Sul fronte delle valute, il franco svizzero e lo yen giapponese, rifugio sicuro, sono saliti, mentre il dollaro australiano e lo yuan cinese hanno sottoperformato. Nel frattempo, il dollaro USA è sceso, cosa che secondo gli analisti era insolita dato il suo ruolo tipico di rifugio sicuro.

“Probabilmente suggerisce che l’oscillazione rispetto al dollaro nel senso del più ampio umore del mercato o delle condizioni del mercato sia forse un po’ più profonda questa mattina e questo potrebbe essere significativo”, ha affermato Sean Osborne, chief forex strategist presso Scotiabank a Toronto. Egli ha detto.

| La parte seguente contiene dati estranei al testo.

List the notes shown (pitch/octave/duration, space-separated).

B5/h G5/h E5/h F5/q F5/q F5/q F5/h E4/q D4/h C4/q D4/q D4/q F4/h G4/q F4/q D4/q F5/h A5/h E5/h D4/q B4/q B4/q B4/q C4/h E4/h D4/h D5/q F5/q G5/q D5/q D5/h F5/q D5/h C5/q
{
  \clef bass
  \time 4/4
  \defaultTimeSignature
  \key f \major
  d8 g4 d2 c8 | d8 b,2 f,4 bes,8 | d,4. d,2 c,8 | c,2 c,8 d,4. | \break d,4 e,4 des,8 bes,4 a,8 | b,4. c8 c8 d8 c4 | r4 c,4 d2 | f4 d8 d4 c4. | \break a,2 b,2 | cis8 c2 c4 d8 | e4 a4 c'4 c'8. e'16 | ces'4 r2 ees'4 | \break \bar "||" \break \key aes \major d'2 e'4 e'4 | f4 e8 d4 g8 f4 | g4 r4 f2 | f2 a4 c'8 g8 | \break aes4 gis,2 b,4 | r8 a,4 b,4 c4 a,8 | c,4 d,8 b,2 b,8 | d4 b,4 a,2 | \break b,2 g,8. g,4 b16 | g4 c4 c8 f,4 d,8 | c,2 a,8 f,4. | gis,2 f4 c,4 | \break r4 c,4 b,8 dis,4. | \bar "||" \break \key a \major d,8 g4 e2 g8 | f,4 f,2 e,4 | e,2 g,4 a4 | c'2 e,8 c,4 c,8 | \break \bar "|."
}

Una vista di un gigantesco display dell’indice azionario, sulla scia dell’epidemia di coronavirus (COVID-19), a Shanghai, Cina, 24 ottobre 2022. REUTERS/Aly Song/file Foto

Il movimento del dollaro ha portato alcuni analisti ad incolpare il calo dei rendimenti obbligazionari statunitensi per aver reso il biglietto verde meno attraente rispetto alla valuta giapponese.

L’indice del dollaro è sceso dello 0,292%, con l’euro in rialzo dello 0,13% a 1,0409 dollari. Lo yen giapponese è salito dello 0,28% rispetto al dollaro a 138,71 per dollaro, mentre la sterlina inglese è stata scambiata l’ultima volta a $ 1,2044, in calo dello 0,41% nella giornata.

Il dollaro è sceso dello 0,4% rispetto al franco svizzero, dopo essere sceso fino allo 0,77%.

Preoccupazioni per la Cina

Il Treasury decennale di riferimento è sceso di 2,8 punti base al 3,674%, dal 3,702% di venerdì.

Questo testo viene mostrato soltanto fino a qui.